## Exercise description
Retype only the lines that run from the top of the material below to the line bearing "Highlights: Capitals auch", inclusive, and keep the pictures out.

## Listed records
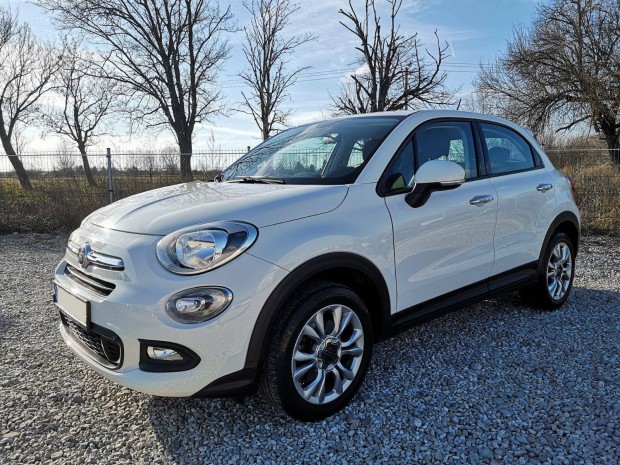 Fiat 500X 1.6 16V S-Design Szervizk�nyves.Digit...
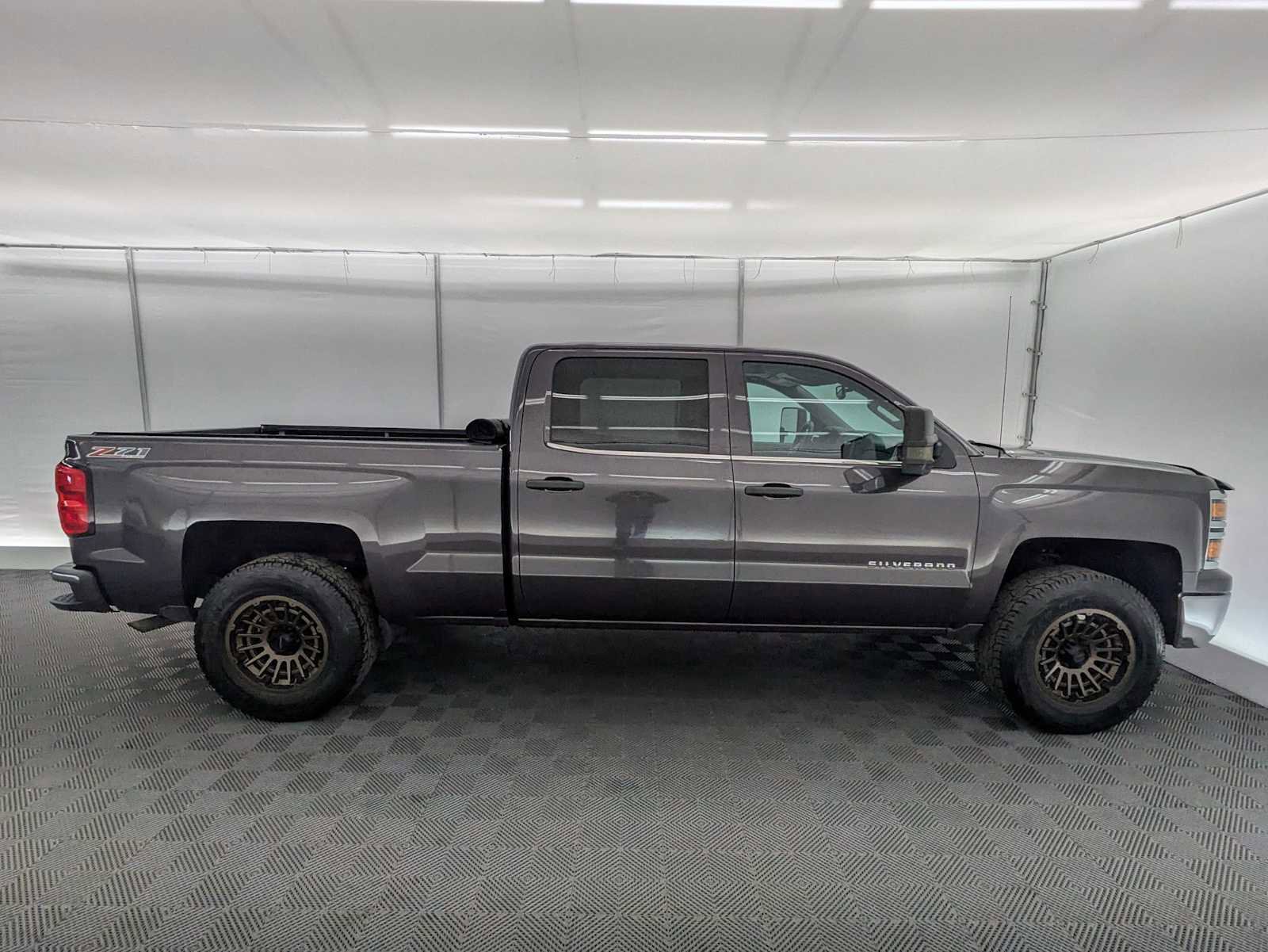 Used 2015 Chevrolet Silverado 1500 LTZ Z71 w/ LTZ Plus Package image 7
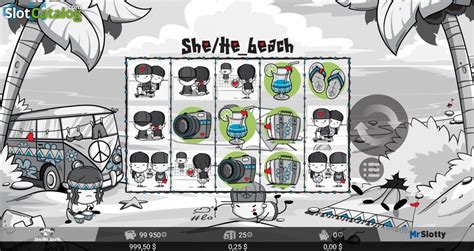 Jogue She He_Beach Online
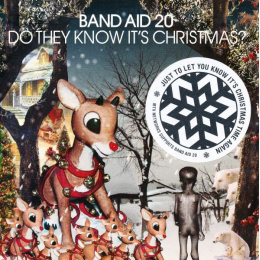 Band Aid 20 - Do They Know It's Christmas? (CD, 2004)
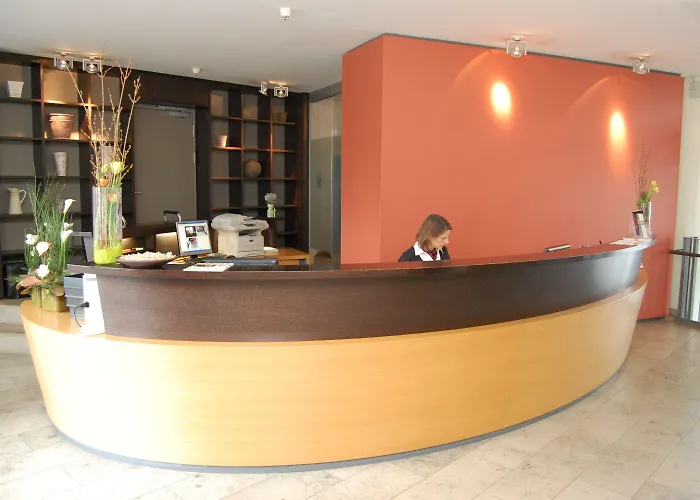 贝尔伽瑞德南华欧酒店 酒店 科隆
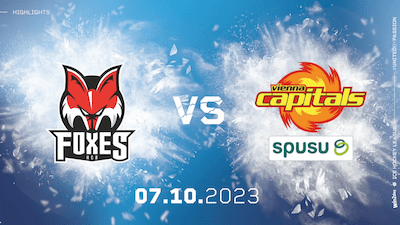 Highlights: Capitals auch gegen Bozen chancenlos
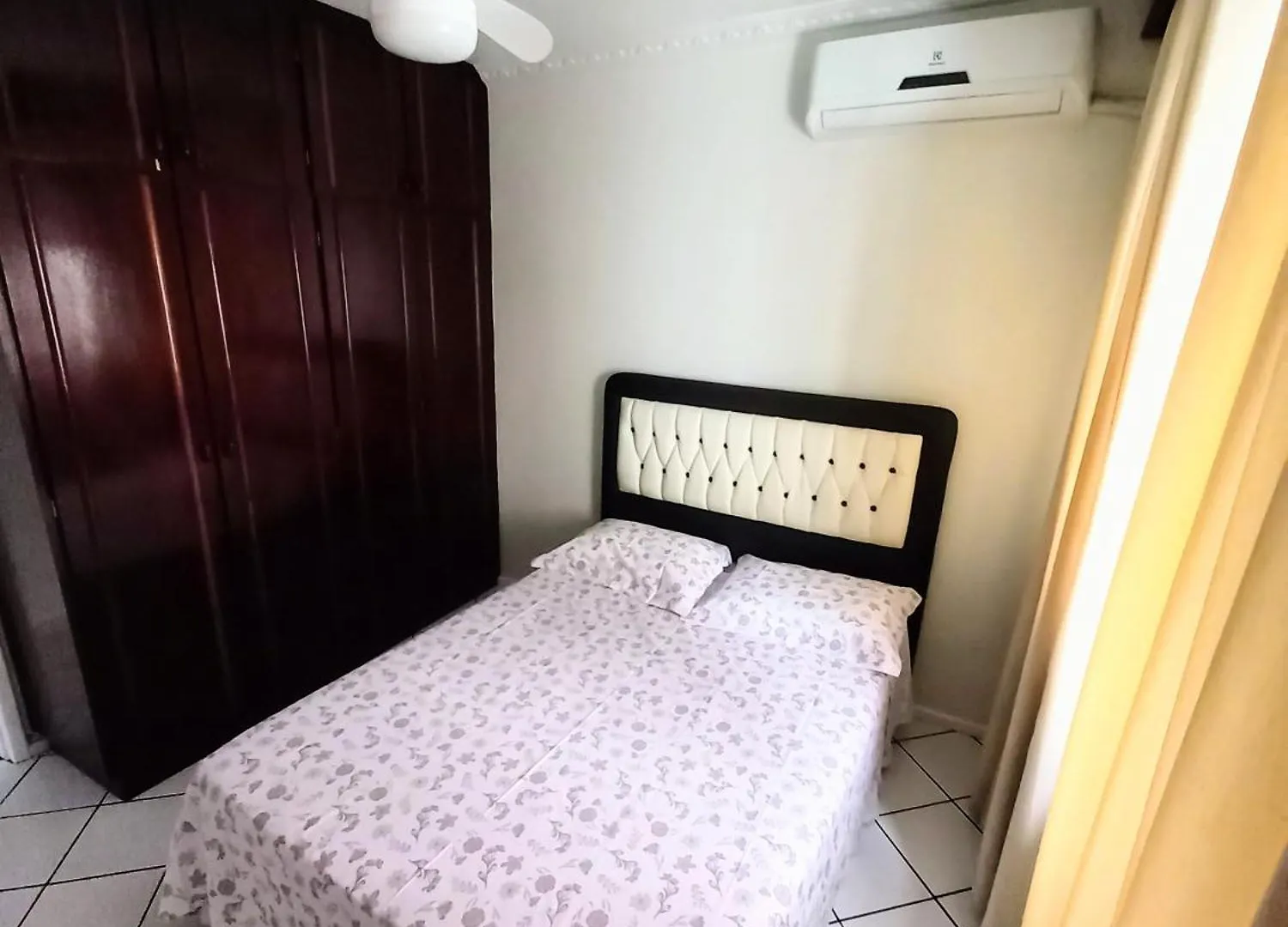 Ferienwohnung Apto 2 Quartos, Pertissimo Da Beira-Mar E Ponte Hl Florianópolis Apartment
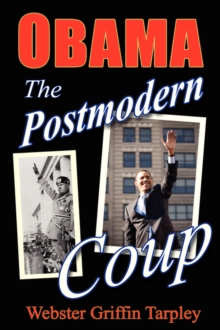 Image for Obama - The Postmodern Coup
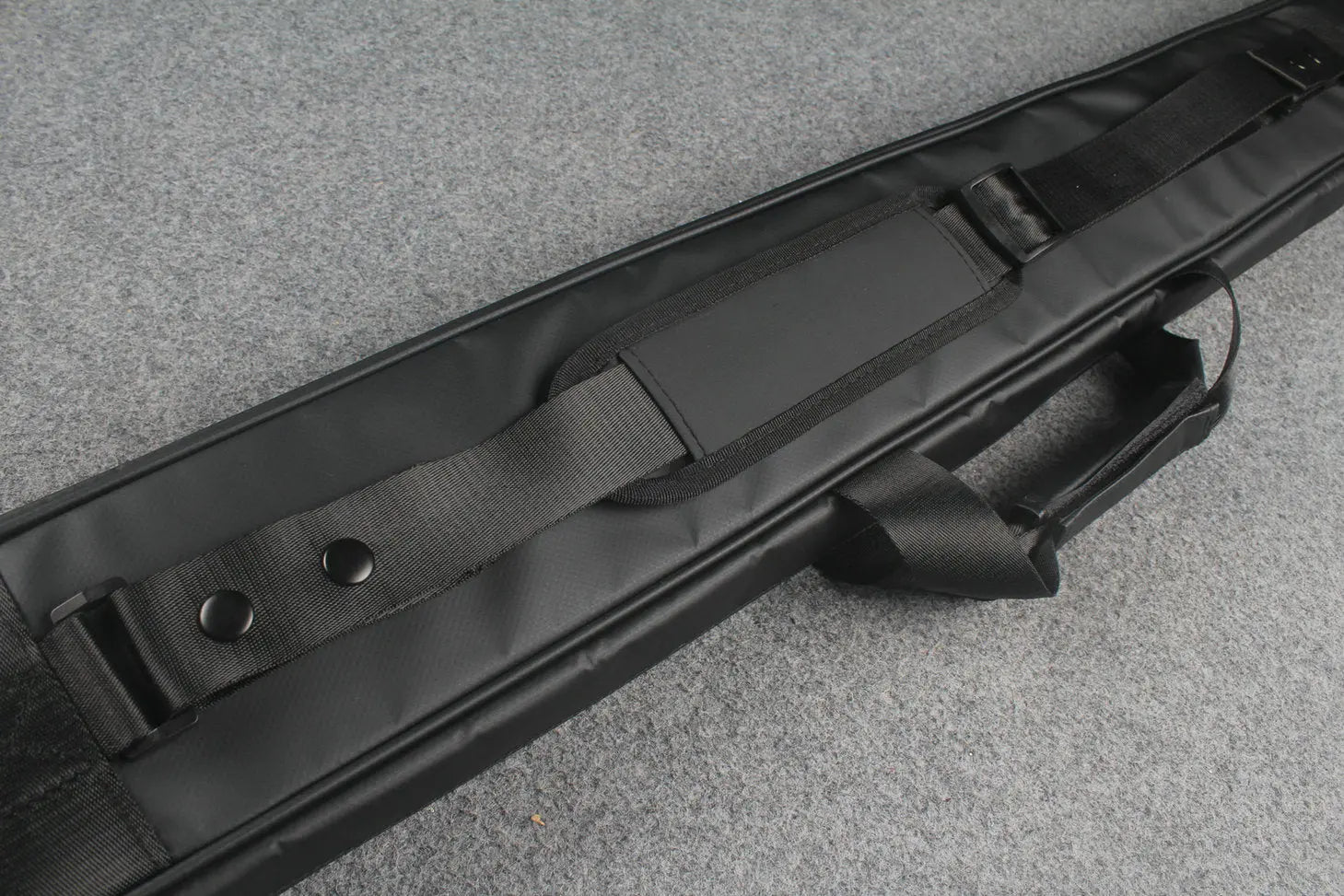 Travel Bag for one piece cue case WOODS CUES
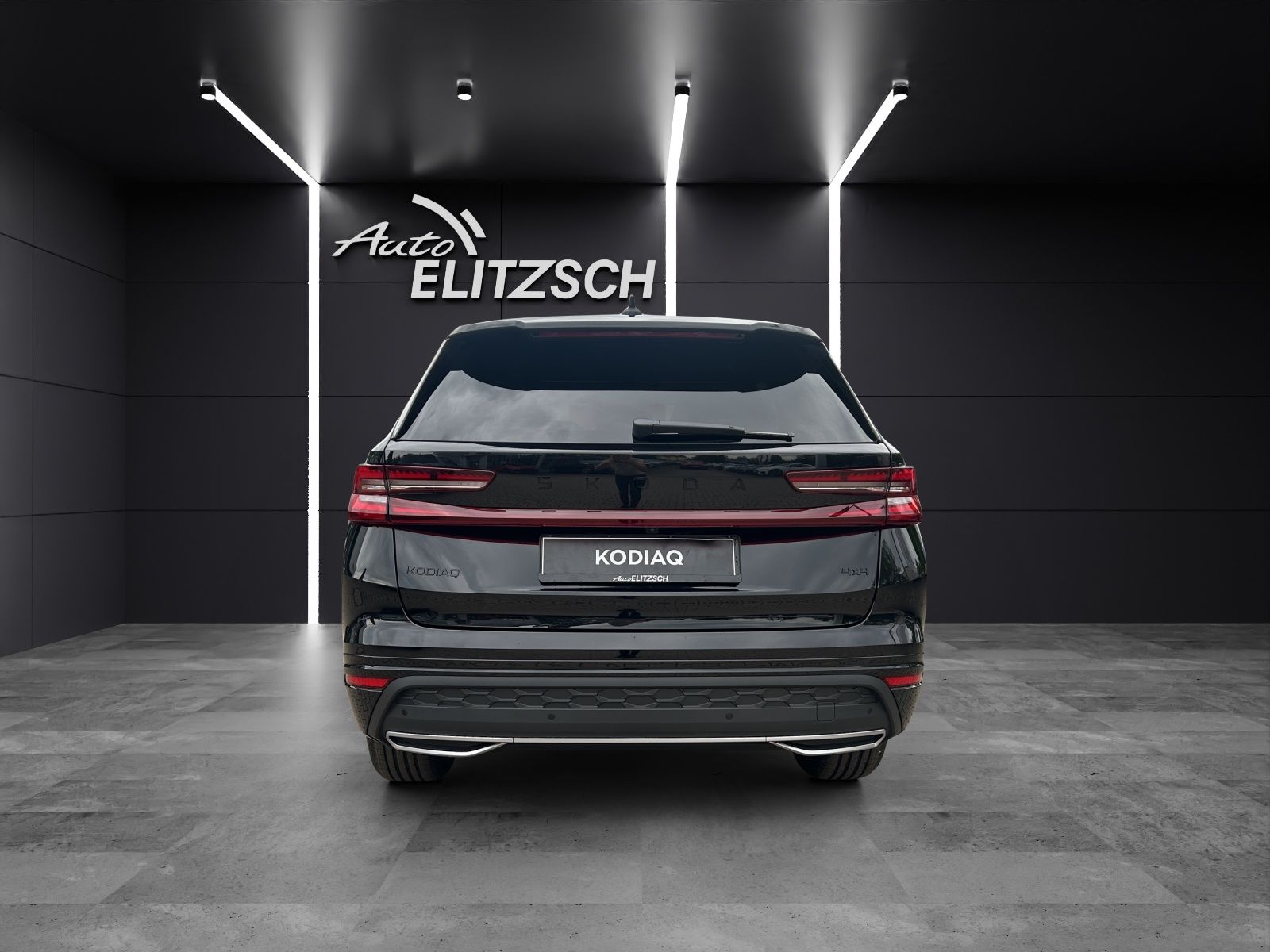 Fahrzeugabbildung SKODA Kodiaq 2.0 TDI 4x4 Sportline MATRIX AHK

## Response to this task
 Fiat 500X 1.6 16V S-Design Szervizk�nyves.Digit...
 Used 2015 Chevrolet Silverado 1500 LTZ Z71 w/ LTZ Plus Package image 7
 Jogue She He_Beach Online
 Band Aid 20 - Do They Know It's Christmas? (CD, 2004)
 贝尔伽瑞德南华欧酒店 酒店 科隆
 Highlights: Capitals auch gegen Bozen chancenlos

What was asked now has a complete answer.